What is gravitational potential?

Gravitational potential is defined in terms of work done per unit mass to move a small object from infinity to a point in a gravitational field.

How is the change in gravitational potential energy (gpe) calculated when moving between two points?

The change in gravitational potential energy is given by AE = m(V₂ - V₁), where V₁ and V₂ are the gravitational potentials at the two points.

Where is the position for zero gravitational potential energy?

The position for zero gravitational potential energy is at infinity, where the gravitational force is negligible.

What does the gravitational potential at a point depend on?

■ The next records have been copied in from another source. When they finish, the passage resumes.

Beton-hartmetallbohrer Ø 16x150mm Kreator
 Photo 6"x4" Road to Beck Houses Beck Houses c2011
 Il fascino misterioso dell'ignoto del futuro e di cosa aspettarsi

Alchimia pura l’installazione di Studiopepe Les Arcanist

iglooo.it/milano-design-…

The gravitational potential at a point is the work done per unit mass to move a small object from infinity to that point.

What is the unit of gravitational potential?

The unit of gravitational potential is Jkg⁻¹.

What is the gravitational potential at the surface of a planet if it is given as -100 MJ kg⁻¹?

The gravitational potential at the surface of the planet is -100 MJ kg⁻¹.

For a payload mass of 1000 kg at -100 MJ kg⁻¹, how much work is needed to escape the planet's gravitational field?

The work needed to escape is at least 100000 MJ to increase the gravitational potential to zero.

What does an equipotential surface represent?

An equipotential surface represents areas of constant gravitational potential where no work needs to be done to move along it.

How does the gravitational potential gradient vary with distance from the Earth's surface?

The potential gradient near the Earth's surface is constant at 9.8 Jkg⁻¹m⁻¹ but decreases with greater distances away from the surface.

How is gravitational field strength related to the potential gradient?

Gravitational field strength g is the negative of the potential gradient, represented as g = -ΔV/Δr.